:: ASSIGNMENT ::
The records underneath are to be printed in full and exactly, with no pictures carried over.

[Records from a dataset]
◆ ◆ ◆ ◆ ◆ ◆ ◆
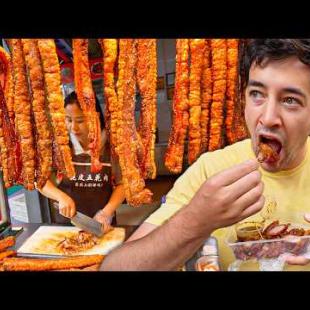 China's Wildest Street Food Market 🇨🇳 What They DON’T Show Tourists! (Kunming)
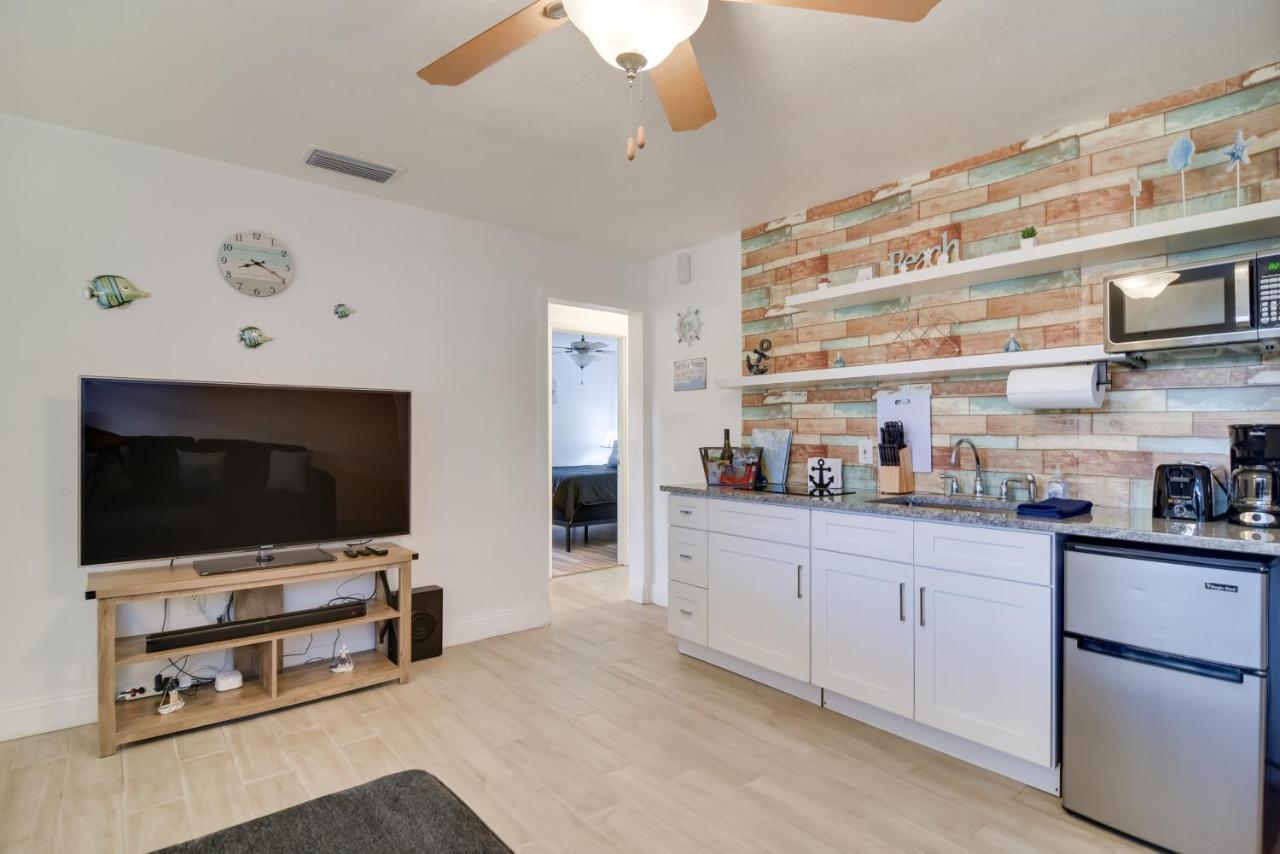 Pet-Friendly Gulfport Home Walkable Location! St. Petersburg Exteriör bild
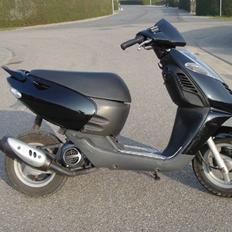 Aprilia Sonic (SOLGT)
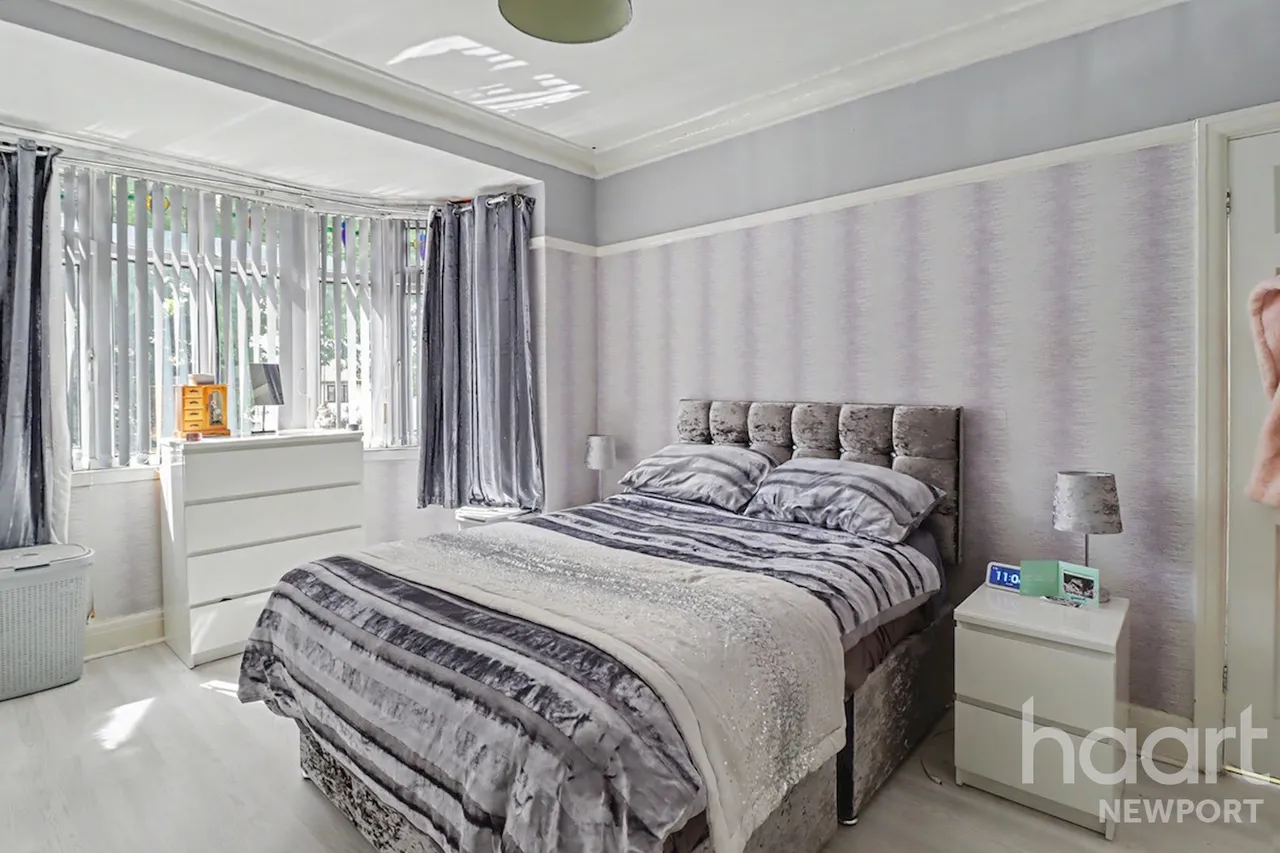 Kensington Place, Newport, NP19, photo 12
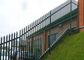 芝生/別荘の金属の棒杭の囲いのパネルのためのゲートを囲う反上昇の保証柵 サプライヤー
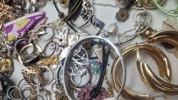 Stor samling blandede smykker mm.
◆ ◆ ◆ ◆ ◆ ◆ ◆
:: PROBLEM SOLUTION ::
 China's Wildest Street Food Market 🇨🇳 What They DON’T Show Tourists! (Kunming)
 Pet-Friendly Gulfport Home Walkable Location! St. Petersburg Exteriör bild
 Aprilia Sonic (SOLGT)
 Kensington Place, Newport, NP19, photo 12
 芝生/別荘の金属の棒杭の囲いのパネルのためのゲートを囲う反上昇の保証柵 サプライヤー
 Stor samling blandede smykker mm.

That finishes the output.